### Task to carry out
Scan the records that follow, and whenever a line has the word "Eddy", copy it.
** Opening Records block **
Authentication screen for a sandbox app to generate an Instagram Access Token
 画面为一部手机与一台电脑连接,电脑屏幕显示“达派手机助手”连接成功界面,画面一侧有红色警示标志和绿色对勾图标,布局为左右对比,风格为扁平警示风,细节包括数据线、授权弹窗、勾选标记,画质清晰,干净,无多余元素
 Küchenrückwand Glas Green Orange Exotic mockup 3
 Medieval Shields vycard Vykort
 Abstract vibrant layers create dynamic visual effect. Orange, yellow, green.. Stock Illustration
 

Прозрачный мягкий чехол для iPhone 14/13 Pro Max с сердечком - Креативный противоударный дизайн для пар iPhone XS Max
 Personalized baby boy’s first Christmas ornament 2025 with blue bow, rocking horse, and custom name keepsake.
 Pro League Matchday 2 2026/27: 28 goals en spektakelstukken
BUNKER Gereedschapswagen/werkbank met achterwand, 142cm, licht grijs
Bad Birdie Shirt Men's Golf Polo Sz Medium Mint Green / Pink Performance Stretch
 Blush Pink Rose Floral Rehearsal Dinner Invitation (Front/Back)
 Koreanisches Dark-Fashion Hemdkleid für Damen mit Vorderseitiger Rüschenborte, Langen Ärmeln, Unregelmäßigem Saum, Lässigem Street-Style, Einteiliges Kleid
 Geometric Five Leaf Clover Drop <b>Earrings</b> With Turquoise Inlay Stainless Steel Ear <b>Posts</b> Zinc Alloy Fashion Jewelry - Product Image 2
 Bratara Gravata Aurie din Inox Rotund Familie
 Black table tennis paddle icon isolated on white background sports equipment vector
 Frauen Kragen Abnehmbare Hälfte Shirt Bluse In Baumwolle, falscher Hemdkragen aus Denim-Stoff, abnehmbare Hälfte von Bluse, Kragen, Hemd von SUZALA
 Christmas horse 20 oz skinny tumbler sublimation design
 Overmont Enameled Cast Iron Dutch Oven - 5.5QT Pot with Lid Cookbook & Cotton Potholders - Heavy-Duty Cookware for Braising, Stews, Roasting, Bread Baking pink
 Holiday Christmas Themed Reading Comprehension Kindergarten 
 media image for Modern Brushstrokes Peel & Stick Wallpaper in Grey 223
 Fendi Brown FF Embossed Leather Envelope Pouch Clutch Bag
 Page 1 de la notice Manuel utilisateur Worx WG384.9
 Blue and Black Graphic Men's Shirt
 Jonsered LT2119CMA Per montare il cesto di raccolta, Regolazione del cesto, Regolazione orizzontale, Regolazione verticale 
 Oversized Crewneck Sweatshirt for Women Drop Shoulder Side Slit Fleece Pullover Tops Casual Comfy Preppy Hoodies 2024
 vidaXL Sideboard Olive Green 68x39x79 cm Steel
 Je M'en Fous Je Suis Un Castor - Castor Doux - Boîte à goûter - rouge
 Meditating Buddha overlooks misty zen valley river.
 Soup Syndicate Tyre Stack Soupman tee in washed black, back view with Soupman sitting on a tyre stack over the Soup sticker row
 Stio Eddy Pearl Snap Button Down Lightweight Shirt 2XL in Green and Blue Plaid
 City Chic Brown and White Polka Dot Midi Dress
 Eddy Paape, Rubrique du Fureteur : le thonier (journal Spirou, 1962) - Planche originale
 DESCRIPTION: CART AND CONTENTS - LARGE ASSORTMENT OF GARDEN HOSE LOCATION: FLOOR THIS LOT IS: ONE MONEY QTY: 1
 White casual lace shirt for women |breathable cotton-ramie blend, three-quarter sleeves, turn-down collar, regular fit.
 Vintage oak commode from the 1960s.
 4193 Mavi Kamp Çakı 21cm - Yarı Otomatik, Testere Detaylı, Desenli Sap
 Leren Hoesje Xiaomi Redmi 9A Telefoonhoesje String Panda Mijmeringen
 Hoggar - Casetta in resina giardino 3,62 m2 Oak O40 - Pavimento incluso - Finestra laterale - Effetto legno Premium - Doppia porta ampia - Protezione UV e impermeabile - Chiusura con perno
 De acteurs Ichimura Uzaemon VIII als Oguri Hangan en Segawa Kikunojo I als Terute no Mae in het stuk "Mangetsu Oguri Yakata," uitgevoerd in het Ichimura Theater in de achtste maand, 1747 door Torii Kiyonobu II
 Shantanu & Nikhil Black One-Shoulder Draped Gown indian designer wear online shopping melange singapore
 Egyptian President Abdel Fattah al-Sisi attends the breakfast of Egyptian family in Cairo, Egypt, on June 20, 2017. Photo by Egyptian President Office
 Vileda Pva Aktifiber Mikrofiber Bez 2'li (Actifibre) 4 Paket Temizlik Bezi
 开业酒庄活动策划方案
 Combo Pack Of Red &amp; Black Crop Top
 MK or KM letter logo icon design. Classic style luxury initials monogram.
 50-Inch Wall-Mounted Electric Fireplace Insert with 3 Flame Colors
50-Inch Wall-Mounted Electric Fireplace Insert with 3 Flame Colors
** Closing Records block **
### Exercise response
 Stio Eddy Pearl Snap Button Down Lightweight Shirt 2XL in Green and Blue Plaid
 Eddy Paape, Rubrique du Fureteur : le thonier (journal Spirou, 1962) - Planche originale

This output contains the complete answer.